The bazaar, which went on from 11 a.m. until sunset, featured a variety of food, including barbecued rib and chicken dinners, hot dogs and sausage sandwiches, bean pies, snow cones and assorted beverages. One of the highlights was the giveaway of a boys and girls bicycle. A kissing booth was run by Min. Esther White and Liz Dawson of the host church; the kisses sold were in the form of a small cup of Hershey’s Kisses. Rick Jones of Lifeway Christian Fellowship Church, delighted the audience with a great comedic impersonation of Michael Buffer as he introduced the contestants of the watermelon eating contest, which was won by Troy Nesmith, of Beaver Falls.
Shaun LaVette, a local disc jockey, provided music and operated sound for the Christian artists who performed. Recording artists, Re-Konception! and Debbie Tucker, of Beaver Falls, and Linda McCuen, of Midland, rendered selections. Other featured artists were guitarist, Lonzie Cox, Shiela Carter and the Tabernacle Male Chorus. Extraordinary saxophonist, Derrick Redd, of Aliquippa, one of the Pittsburgh areas most accomplished musicians, brought the house down with his renditions of “Praise Is What I Do,” “Stand,” “We Fall Down” and many other gospel classics during his half hour set. Neighbors who live within a four block radius stated how much they enjoyed the music even though they weren’t able to attend.
The church parking lot, the adjacent grassy knoll, and a blocked off section of the street in front of the church housed a dozen or more booths, where vendors sold their wares. The women of Tabernacle ran a booth that had hot dogs, sausage and beverages. Leon Cleckley and Cliff Alford, both Beaver Falls merchants, offered men’s shirts, ties and accessories. Sandra Evans of Silpada Sterling Silver Jewelry and Sheena Donovan, of Aliquippa, had jewelry booths. Minister Roosevelt Jones, Carolyn and James Lay of Aliquippa’s Deliverance Temple sold T-shirts. George Dudley, Legusta Smith and others also operated booths.

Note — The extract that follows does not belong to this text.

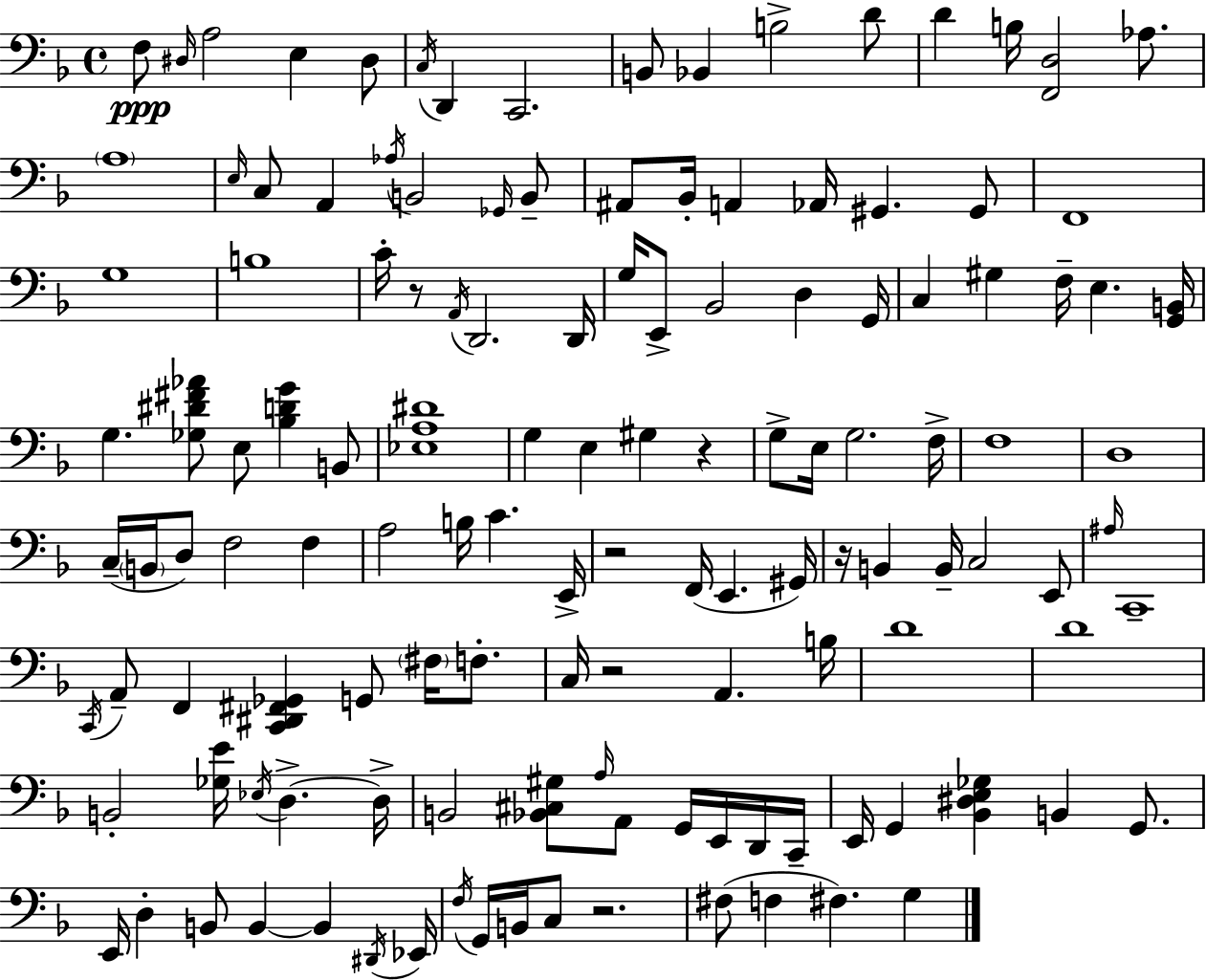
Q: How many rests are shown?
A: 6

The event was conceived and directed by Linda Williams, the Women’s Day Committee Chairperson. Bazaar co-chair, SuAnn Scott, stated, that the event was organized to raise funds for the annual Women’s Day service. Scott also said, “July 15 is Women’s Day. Linda Williams came up with the idea for the bazaar. I’m one of the captains, so she put each captain in charge of one of the fund raisers. This just happens to be the one she put me in charge of.” When asked how successful the event was, Scott said, “it’s nice, it’s nice, it’s really nice, but I’m hoping to see even more people out there before eight o’clock.” When asked if there might be another bazaar, she replied, “it depends on how much this brings in, we’re having fun, but we’re doing it because we need to raise money (for the Women’s Day service) with this event.” She went on to explain that the amount of success achieved today will be considered in deciding whether to have another festival like this. She didn’t elaborate on any future fundraisers the committee is planning.